(Stored items)
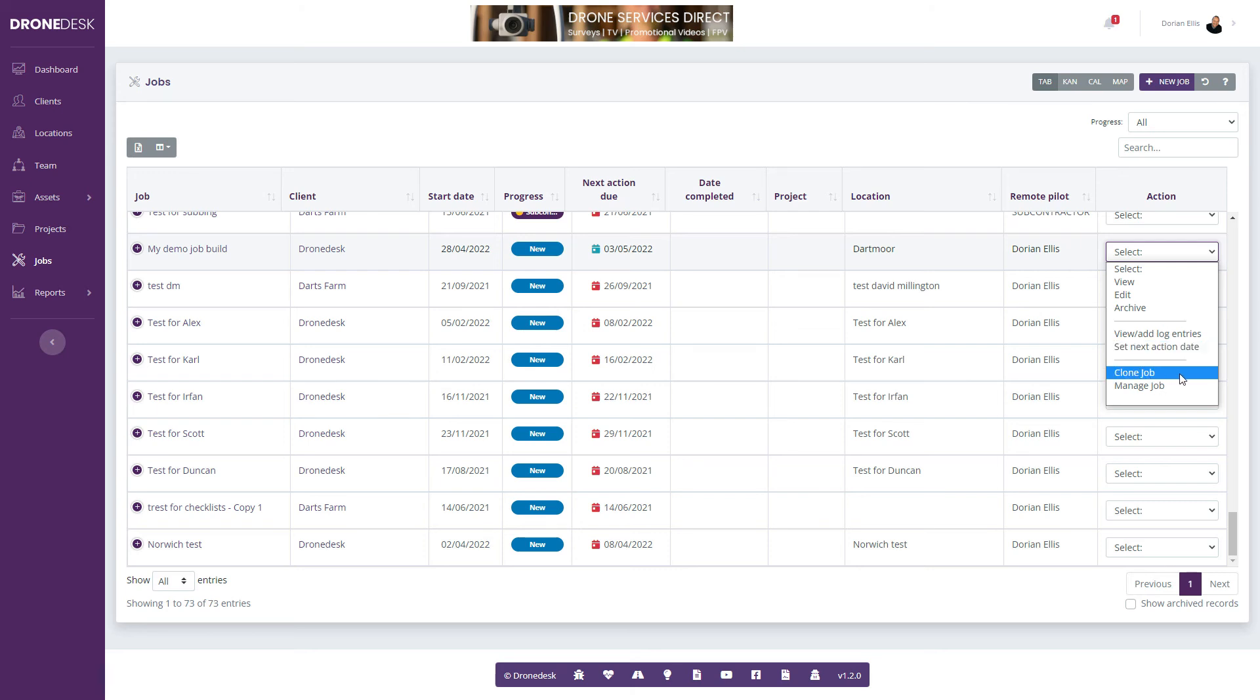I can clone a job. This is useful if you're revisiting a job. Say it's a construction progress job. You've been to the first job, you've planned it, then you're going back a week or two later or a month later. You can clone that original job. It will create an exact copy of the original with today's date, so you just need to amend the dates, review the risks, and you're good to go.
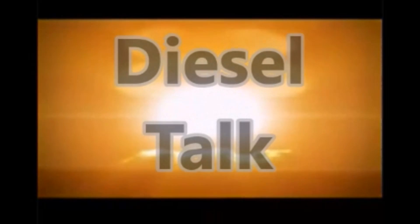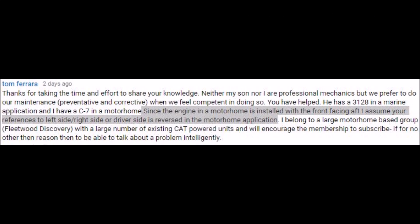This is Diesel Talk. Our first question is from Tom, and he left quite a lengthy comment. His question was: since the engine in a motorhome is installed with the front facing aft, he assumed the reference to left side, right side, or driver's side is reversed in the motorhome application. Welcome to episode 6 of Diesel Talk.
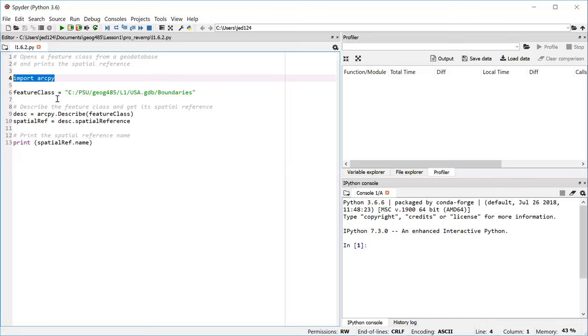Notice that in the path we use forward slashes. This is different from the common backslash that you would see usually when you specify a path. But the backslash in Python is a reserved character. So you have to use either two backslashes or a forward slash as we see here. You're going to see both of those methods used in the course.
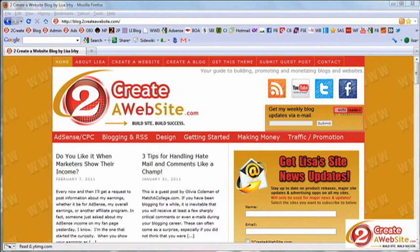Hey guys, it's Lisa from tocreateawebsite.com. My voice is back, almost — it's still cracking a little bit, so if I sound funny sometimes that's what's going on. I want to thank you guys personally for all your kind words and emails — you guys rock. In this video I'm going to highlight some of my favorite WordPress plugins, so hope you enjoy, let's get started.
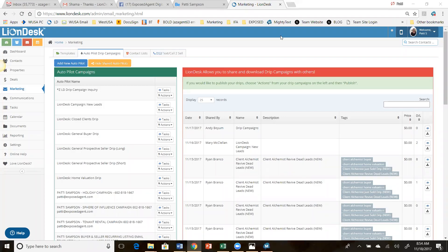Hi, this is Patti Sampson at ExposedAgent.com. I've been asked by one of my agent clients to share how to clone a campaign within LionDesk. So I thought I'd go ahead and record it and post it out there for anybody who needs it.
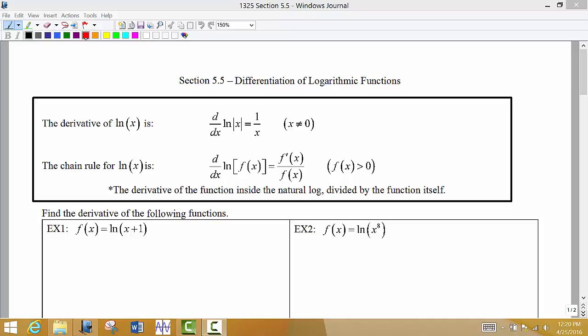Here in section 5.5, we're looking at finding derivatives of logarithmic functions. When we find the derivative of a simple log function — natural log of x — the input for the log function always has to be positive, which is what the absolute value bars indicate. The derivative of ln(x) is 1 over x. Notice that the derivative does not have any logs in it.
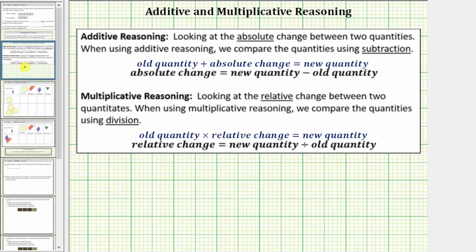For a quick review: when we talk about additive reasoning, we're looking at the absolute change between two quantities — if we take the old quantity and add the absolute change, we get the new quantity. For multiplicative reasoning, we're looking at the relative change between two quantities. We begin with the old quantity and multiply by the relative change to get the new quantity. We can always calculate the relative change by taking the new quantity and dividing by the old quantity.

...

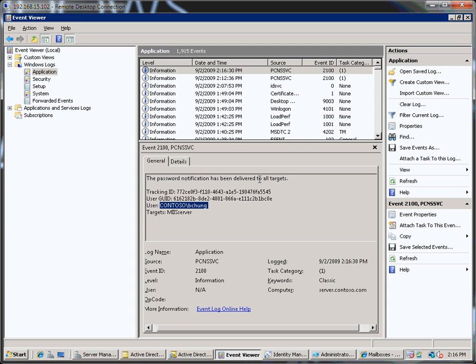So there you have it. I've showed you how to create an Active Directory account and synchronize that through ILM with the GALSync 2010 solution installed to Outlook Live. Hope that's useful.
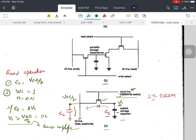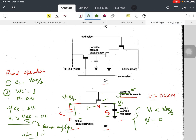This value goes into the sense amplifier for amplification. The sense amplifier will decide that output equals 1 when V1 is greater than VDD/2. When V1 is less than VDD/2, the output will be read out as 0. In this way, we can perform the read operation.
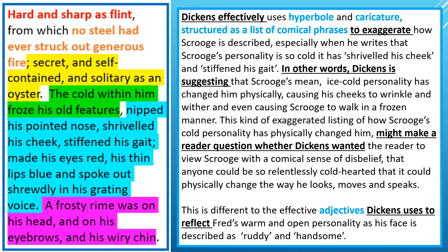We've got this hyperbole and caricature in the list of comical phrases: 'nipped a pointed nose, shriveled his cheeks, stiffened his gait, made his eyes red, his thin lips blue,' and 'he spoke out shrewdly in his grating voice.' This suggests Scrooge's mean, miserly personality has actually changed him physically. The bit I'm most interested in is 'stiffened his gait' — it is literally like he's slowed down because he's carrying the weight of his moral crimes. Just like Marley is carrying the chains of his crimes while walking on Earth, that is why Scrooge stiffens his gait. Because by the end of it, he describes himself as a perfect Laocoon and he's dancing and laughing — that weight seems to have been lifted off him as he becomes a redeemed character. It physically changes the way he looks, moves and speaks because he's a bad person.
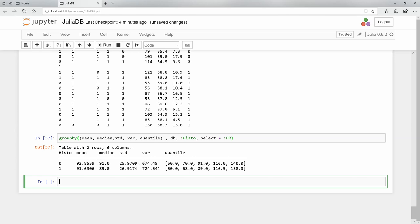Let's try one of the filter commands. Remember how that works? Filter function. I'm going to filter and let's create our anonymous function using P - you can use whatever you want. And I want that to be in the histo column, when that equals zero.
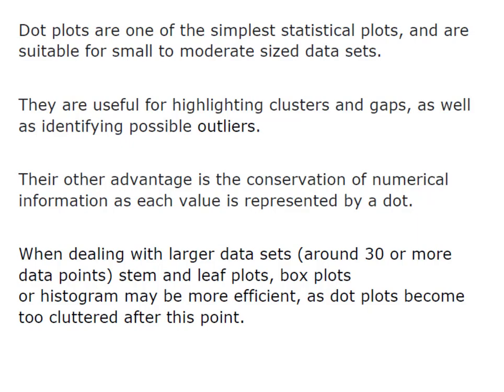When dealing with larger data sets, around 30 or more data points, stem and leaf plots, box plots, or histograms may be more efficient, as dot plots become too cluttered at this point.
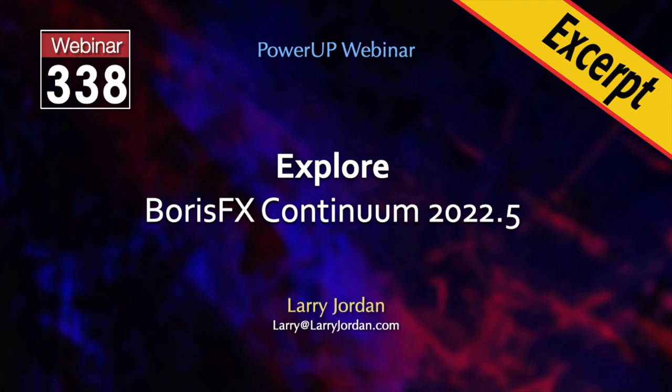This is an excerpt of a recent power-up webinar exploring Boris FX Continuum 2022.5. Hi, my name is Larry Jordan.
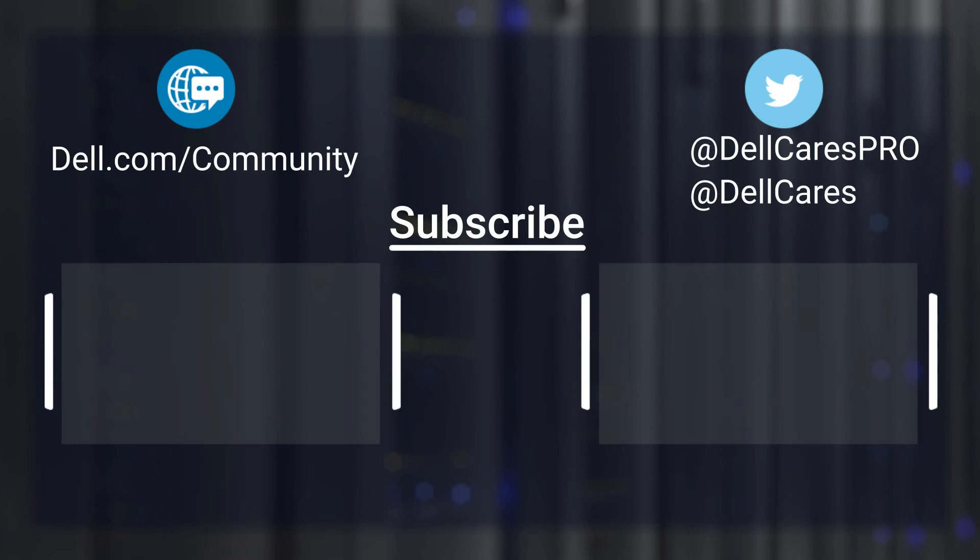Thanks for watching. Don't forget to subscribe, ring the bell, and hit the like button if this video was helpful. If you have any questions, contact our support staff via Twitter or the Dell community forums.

### Task instructions
Nothing but the lines above from the one that has "I can clone" down to the one that has "This is Diesel" belongs in the answer, copied exactly, without pictures.

### Solution below
I can clone a job. This is useful if you're revisiting a job. Say it's a construction progress job. You've been to the first job, you've planned it, then you're going back a week or two later or a month later. You can clone that original job. It will create an exact copy of the original with today's date, so you just need to amend the dates, review the risks, and you're good to go.
This is Diesel Talk. Our first question is from Tom, and he left quite a lengthy comment. His question was: since the engine in a motorhome is installed with the front facing aft, he assumed the reference to left side, right side, or driver's side is reversed in the motorhome application. Welcome to episode 6 of Diesel Talk.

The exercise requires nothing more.